Task statement
Where in the listing does the word "data" appear? Report each line that holds it.
================================
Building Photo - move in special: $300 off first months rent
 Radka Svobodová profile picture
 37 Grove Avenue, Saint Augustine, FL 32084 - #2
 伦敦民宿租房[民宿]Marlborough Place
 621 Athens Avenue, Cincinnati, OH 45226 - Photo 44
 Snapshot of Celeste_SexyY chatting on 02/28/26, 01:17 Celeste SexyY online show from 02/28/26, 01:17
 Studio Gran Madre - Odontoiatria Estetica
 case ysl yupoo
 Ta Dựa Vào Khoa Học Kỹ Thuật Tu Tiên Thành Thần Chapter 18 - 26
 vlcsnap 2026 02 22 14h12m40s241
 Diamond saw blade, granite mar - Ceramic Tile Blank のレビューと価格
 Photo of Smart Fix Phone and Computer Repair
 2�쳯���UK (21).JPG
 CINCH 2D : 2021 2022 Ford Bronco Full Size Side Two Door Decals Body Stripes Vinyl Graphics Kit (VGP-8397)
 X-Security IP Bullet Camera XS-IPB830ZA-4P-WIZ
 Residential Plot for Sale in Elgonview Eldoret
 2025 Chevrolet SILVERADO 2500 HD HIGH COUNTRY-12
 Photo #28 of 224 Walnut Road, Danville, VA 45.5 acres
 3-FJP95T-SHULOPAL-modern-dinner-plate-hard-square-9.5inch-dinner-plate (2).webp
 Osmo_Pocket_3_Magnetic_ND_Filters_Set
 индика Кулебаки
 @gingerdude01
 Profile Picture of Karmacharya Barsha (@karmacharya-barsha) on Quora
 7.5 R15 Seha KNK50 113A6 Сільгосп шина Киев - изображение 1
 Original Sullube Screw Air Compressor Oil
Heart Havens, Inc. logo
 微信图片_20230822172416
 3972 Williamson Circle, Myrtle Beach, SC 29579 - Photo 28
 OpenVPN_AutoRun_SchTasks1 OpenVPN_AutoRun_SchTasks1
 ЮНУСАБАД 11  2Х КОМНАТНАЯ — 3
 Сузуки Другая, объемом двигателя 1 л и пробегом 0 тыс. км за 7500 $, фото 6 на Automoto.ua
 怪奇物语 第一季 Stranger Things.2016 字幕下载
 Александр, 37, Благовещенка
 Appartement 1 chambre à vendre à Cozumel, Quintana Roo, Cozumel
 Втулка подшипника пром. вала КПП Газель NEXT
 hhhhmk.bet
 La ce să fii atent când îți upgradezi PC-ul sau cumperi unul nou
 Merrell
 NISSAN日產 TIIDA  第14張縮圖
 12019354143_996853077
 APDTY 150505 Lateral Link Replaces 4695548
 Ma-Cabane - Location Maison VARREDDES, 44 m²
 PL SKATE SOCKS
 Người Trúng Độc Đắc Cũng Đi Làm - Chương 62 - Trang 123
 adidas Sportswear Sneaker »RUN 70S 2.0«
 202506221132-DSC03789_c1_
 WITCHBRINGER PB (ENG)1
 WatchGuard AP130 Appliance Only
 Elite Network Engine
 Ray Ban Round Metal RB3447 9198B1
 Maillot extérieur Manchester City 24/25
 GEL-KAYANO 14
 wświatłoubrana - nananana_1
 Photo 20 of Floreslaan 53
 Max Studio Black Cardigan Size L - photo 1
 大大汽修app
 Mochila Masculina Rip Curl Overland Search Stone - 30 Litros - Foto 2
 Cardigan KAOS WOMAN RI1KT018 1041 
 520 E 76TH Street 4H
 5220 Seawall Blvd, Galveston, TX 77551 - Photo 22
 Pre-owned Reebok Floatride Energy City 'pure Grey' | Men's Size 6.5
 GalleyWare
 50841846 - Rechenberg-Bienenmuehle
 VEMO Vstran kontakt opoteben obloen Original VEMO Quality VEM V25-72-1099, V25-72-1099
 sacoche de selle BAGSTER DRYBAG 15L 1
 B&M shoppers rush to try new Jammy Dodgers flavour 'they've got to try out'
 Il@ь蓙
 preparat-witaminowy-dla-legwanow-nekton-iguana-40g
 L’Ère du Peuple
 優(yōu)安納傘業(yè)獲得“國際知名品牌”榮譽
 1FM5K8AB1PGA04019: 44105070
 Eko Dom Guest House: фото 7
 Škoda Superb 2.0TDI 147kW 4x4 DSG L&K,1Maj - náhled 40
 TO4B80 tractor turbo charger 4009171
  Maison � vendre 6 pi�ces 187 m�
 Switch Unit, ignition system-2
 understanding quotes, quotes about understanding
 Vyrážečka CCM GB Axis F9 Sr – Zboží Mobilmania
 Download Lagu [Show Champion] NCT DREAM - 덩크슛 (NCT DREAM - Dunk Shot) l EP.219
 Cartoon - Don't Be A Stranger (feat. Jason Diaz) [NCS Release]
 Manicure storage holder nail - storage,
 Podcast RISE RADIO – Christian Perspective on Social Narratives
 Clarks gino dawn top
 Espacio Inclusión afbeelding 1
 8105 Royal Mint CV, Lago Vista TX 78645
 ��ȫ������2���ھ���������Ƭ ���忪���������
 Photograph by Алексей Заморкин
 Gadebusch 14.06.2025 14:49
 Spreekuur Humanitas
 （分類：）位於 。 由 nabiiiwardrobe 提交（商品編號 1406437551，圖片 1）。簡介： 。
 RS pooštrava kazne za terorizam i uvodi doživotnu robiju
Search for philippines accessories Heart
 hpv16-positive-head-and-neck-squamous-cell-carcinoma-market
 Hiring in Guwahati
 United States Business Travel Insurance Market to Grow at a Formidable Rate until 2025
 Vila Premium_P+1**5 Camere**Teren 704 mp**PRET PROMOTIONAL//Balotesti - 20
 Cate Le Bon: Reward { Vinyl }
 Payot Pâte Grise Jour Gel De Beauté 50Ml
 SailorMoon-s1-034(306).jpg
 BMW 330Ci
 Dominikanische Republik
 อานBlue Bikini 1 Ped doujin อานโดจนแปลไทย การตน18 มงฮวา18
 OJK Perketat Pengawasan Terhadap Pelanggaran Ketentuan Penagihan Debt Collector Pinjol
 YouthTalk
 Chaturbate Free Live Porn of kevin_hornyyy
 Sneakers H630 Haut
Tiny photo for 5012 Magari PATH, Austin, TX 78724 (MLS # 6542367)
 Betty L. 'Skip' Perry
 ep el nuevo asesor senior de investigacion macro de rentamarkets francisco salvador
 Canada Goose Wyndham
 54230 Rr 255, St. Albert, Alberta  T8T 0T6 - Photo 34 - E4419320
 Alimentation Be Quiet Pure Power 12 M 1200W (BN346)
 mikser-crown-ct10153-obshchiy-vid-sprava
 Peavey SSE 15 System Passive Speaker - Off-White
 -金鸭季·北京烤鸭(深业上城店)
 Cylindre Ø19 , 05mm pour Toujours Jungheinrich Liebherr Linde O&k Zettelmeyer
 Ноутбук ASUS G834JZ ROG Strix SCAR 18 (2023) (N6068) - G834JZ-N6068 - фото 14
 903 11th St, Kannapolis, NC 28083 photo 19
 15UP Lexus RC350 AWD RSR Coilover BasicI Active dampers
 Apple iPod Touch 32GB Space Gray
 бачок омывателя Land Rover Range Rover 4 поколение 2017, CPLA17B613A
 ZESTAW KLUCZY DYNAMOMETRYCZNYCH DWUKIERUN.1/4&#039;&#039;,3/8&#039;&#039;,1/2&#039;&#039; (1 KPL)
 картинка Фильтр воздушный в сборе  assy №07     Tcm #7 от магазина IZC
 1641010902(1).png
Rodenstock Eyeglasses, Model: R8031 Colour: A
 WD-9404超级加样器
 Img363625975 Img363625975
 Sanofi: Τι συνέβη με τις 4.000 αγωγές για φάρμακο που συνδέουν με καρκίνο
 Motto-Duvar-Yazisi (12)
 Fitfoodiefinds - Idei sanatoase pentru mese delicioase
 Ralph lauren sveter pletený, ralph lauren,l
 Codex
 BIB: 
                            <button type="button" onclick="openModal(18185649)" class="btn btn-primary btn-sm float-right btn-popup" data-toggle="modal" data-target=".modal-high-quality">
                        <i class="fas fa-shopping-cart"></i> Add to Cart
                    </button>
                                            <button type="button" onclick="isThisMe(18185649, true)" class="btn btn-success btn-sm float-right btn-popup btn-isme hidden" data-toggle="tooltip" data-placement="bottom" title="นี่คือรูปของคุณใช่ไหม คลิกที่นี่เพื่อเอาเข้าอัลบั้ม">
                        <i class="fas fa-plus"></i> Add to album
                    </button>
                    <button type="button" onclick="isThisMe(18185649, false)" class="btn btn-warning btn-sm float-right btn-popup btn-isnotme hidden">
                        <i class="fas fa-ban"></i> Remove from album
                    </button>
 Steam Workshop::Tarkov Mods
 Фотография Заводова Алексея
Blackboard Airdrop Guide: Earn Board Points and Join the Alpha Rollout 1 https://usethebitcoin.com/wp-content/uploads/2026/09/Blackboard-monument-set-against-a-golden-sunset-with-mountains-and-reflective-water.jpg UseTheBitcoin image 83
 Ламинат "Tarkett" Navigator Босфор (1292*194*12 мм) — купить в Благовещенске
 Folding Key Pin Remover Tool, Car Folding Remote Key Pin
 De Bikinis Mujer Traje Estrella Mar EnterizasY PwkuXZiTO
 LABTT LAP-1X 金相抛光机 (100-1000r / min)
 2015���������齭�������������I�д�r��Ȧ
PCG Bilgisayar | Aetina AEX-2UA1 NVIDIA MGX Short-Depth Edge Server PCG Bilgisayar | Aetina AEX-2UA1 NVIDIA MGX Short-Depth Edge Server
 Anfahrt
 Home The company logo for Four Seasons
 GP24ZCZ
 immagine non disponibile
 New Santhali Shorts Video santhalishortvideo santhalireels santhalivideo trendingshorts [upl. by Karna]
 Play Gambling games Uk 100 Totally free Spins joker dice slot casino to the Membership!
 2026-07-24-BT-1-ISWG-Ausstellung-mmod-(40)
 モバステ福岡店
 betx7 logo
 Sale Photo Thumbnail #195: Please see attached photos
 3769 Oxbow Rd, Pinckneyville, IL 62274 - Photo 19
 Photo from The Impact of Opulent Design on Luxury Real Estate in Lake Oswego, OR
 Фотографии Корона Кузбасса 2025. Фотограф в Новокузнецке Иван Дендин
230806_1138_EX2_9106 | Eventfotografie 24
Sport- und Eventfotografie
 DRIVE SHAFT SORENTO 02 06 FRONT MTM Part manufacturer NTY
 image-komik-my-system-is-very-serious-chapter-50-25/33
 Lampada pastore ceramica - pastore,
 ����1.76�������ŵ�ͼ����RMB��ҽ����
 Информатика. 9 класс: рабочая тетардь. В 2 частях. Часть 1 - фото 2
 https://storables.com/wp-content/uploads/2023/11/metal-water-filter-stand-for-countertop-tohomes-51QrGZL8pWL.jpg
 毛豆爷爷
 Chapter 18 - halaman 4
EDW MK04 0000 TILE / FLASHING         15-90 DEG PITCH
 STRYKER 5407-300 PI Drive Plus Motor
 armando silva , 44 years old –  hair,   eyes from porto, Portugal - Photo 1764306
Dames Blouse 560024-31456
================================
Exercise response
                            <button type="button" onclick="openModal(18185649)" class="btn btn-primary btn-sm float-right btn-popup" data-toggle="modal" data-target=".modal-high-quality">
                                            <button type="button" onclick="isThisMe(18185649, true)" class="btn btn-success btn-sm float-right btn-popup btn-isme hidden" data-toggle="tooltip" data-placement="bottom" title="นี่คือรูปของคุณใช่ไหม คลิกที่นี่เพื่อเอาเข้าอัลบั้ม">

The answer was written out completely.